> GOAL OF THE EXERCISE:
Exactly reproduce the line containing "ONDA Kran Air" and all later lines to the end of the entries, leaving the pictures out of your copy.

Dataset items
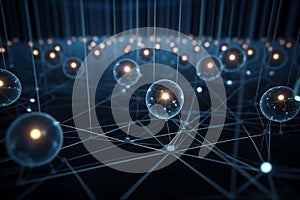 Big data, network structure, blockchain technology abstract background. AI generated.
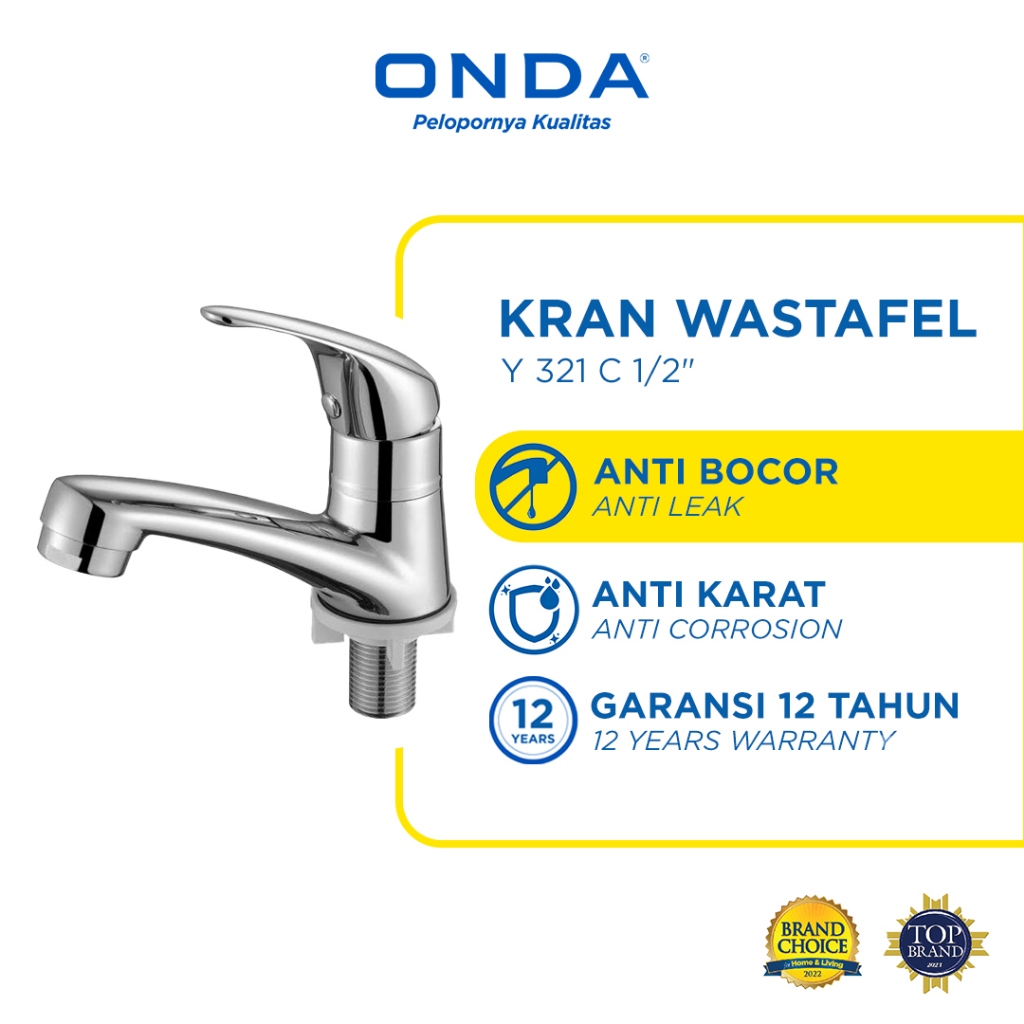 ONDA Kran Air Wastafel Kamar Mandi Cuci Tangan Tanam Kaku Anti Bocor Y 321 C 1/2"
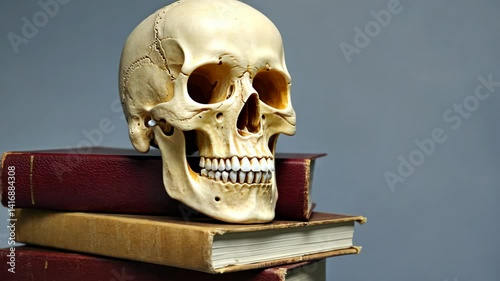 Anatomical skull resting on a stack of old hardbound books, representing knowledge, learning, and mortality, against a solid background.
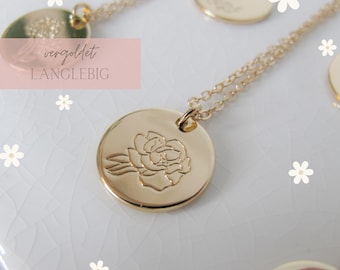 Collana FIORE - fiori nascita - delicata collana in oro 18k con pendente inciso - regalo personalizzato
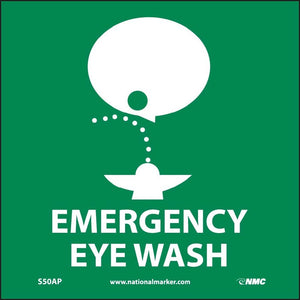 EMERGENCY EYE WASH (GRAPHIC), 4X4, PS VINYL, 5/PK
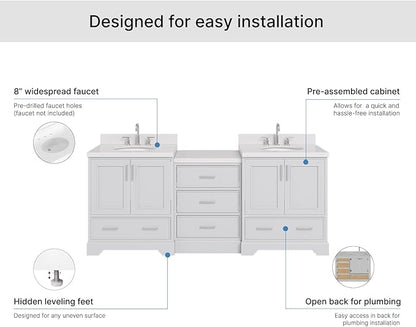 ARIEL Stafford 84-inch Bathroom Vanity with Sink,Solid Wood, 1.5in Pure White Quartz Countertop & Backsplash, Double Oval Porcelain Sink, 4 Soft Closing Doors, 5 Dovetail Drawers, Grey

> FINAL ANSWER:
 ONDA Kran Air Wastafel Kamar Mandi Cuci Tangan Tanam Kaku Anti Bocor Y 321 C 1/2"
 Anatomical skull resting on a stack of old hardbound books, representing knowledge, learning, and mortality, against a solid background.
 Collana FIORE - fiori nascita - delicata collana in oro 18k con pendente inciso - regalo personalizzato
 EMERGENCY EYE WASH (GRAPHIC), 4X4, PS VINYL, 5/PK
 ARIEL Stafford 84-inch Bathroom Vanity with Sink,Solid Wood, 1.5in Pure White Quartz Countertop & Backsplash, Double Oval Porcelain Sink, 4 Soft Closing Doors, 5 Dovetail Drawers, Grey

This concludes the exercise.